Directions:
Leave out all pictures and retype exactly the lines from the one with "Chinese gilt silver beads bracelet" through the last line of the material.

Data extract:
>>>>>

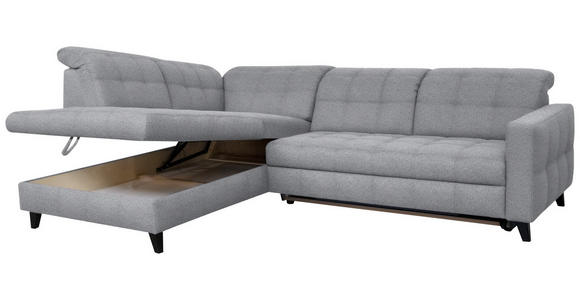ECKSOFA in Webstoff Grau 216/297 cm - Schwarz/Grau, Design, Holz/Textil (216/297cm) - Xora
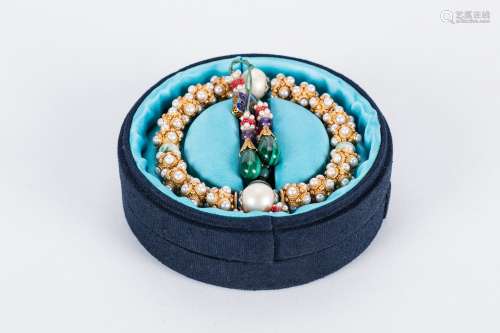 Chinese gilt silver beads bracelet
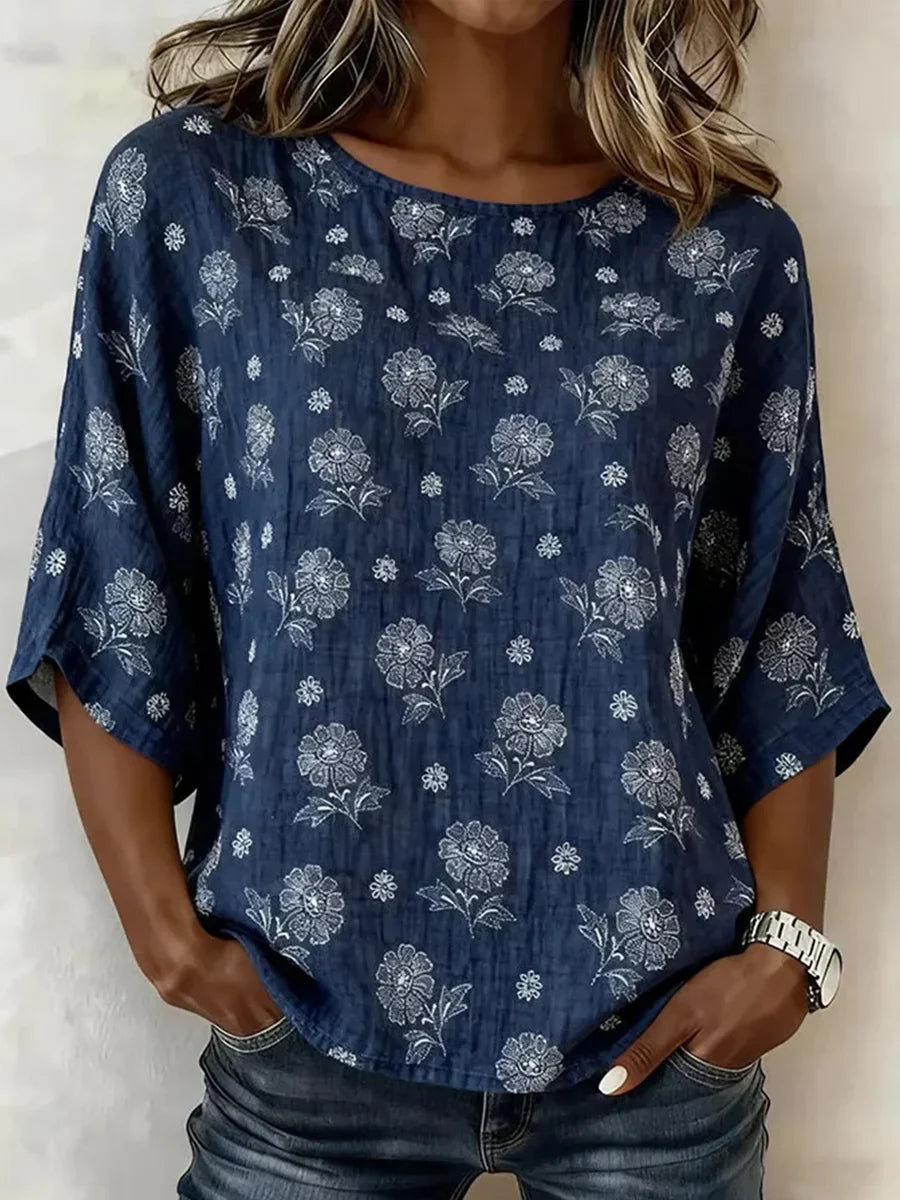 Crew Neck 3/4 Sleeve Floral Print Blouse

<<<<<

Exercise solution:
 Chinese gilt silver beads bracelet
 Crew Neck 3/4 Sleeve Floral Print Blouse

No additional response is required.